──────── Collected material

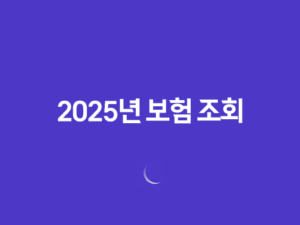 2025년 보험 조회 - 나에게 꼭 맞는 보험 찾기 & 숨은 보험금 확인 가이드 2025년 보험 조회 23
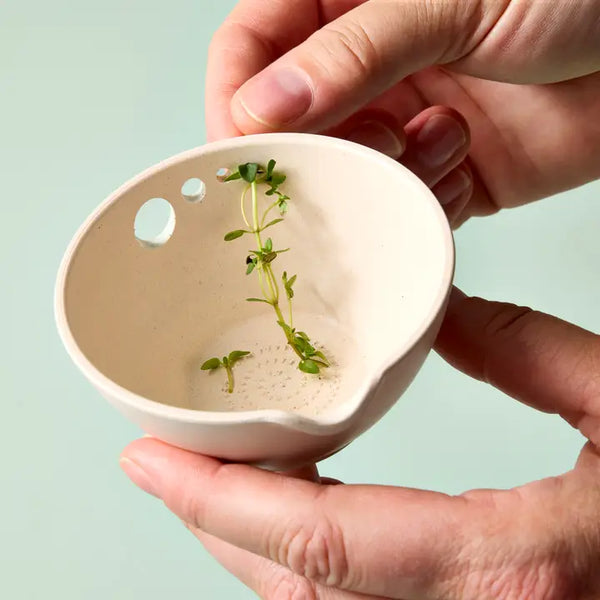 Peel, Grate & Prep Dish - - Modern Sprout - Wild Lark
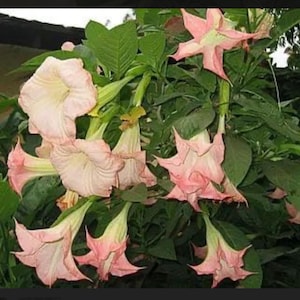 Strawberries & Cream~~Angel Trumpet Brugmansia~~Well Rooted STARTER Plant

────────────────

__Problem statement__.
Output the data above without changes, apart from leaving out the pictures.

__Task answer__.
 2025년 보험 조회 - 나에게 꼭 맞는 보험 찾기 & 숨은 보험금 확인 가이드 2025년 보험 조회 23
 Peel, Grate & Prep Dish - - Modern Sprout - Wild Lark
 Strawberries & Cream~~Angel Trumpet Brugmansia~~Well Rooted STARTER Plant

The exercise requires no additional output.